Environnement 17 octobre 2025

Des haies brise-vent amovibles pour que la fonte des neiges recharge la nappe phréatique

À Sainte-Luce, dans le Bas-Saint-Laurent, où 94 % du territoire est zoné agricole, un défi majeur se dessine : convaincre les producteurs agricoles de retenir la neige plutôt que de s’en débarrasser le plus rapidement possible.

Avec un investissement de 81 000 $ sur deux ans, cette municipalité de La Mitis lance un projet de recherche inédit qui pourrait transformer les pratiques agricoles en matière de gestion de la neige. L’enjeu est de taille, car le bassin de captation d’eau potable de Sainte-Luce, entièrement situé en zone agricole, dépend presque exclusivement de la fonte des neiges pour recharger la nappe phréatique.

Le paradoxe du drainage agricole

Le président-directeur général de l’entreprise Terre-Eau, Louis Drainville, qui est consultant pour la municipalité, explique le paradoxe auquel font face les agriculteurs.

Les producteurs veulent rentrer très tôt au printemps dans les champs. Donc, ils drainent, mais après avoir drainé très tôt, ils sont souvent pris avec une sécheresse des sols à l’été.

Louis Drainville

Par conséquent, ce surdrainage prive la nappe phréatique de sa principale source de recharge. « Toute l’eau qui fondait au printemps et qui était susceptible de recharger la nappe est rapidement évacuée dans les fossés », déplore l’agronome et biologiste.
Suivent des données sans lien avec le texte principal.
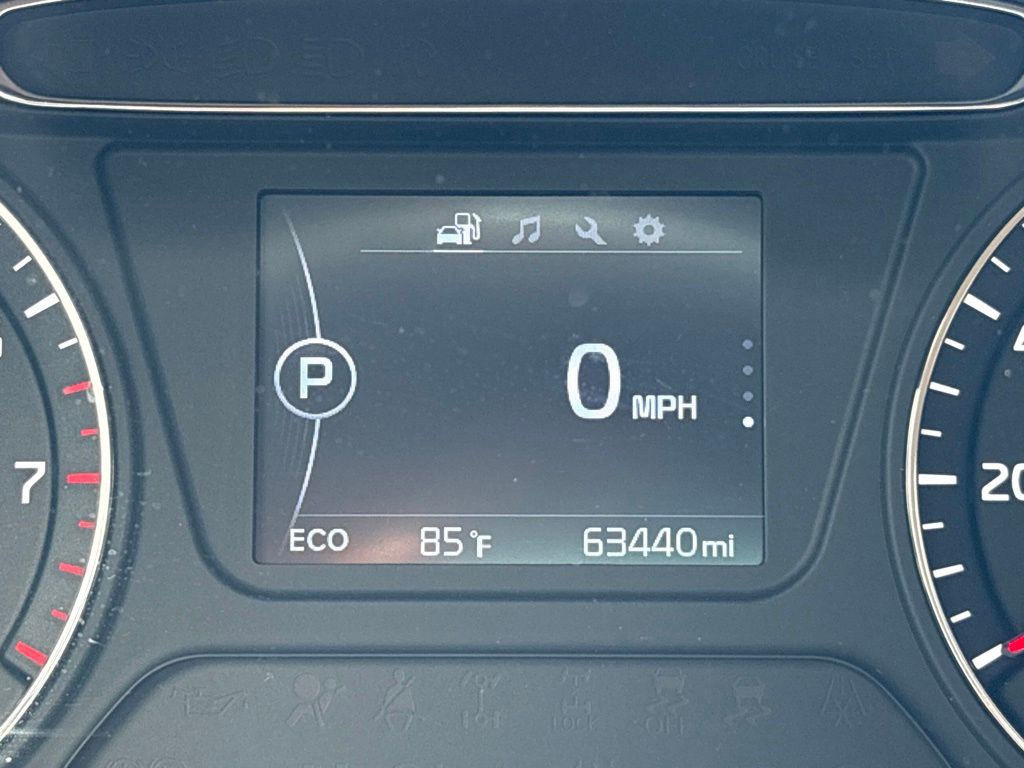Used 2016 Red Kia LX image 24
Depuis 2013, Sainte-Luce investit annuellement plus de 50 000 $ dans la mise en valeur de l’eau au sein de son territoire agricole. Des haies brise-vent naturelles sont déjà installées dans la municipalité sur près de 10 km linéaires sous végéplastique et copeaux. Ces haies brise-vent sont le résultat de la plantation d’arbres de différentes essences, dont de l’érable argenté, du sureau, du cèdre, de l’épinette et du frêne. Les entreprises agricoles qui collaborent reçoivent des compensations financières.

Louis Drainville
Louis Drainville

Le projet de recherche propose maintenant l’installation de haies brise-vent amovibles sur environ 160 hectares en culture. Il s’agit de clôtures de bois qui offrent une solution rapide et très modulable afin de retenir la neige. Elles ont l’avantage d’être temporaires et, quand cela est possible, de ne pas empiéter sur les terres agricoles. Elles peuvent aussi être installées là où la plantation d’arbres serait impossible. « La neige fond et elle recharge la nappe phréatique, explique M. Drainville. La municipalité dispose de drains de captation d’eau potable qui provient de la nappe et qui a été rechargée par l’eau de la fonte des neiges. » Cette approche permettra de travailler « en plein champ, là où la machinerie passe », sans nuire aux activités agricoles.

Un changement de mentalité

Le défi dépasse largement les aspects techniques. « Amener les citoyens et le conseil municipal à saisir l’importance de conserver la neige, ce n’est pas simple », admet l’entrepreneur de Saint-Joseph-de-Lepage. Dans le monde agricole, la neige est traditionnellement perçue comme un obstacle à éliminer rapidement pour accéder aux champs.

Pourtant, les chiffres parlent d’eux-mêmes : un mètre cube de neige accumulée derrière une haie brise-vent fournit près de 400 litres d’eau vers la nappe chaque printemps. Pour Sainte-Luce, la conservation de la neige au sol devient une véritable police d’assurance pour son approvisionnement en eau. Ce projet de recherche, qui commencera cet hiver, pourrait tracer la voie à d’autres municipalités québécoises confrontées aux mêmes défis climatiques.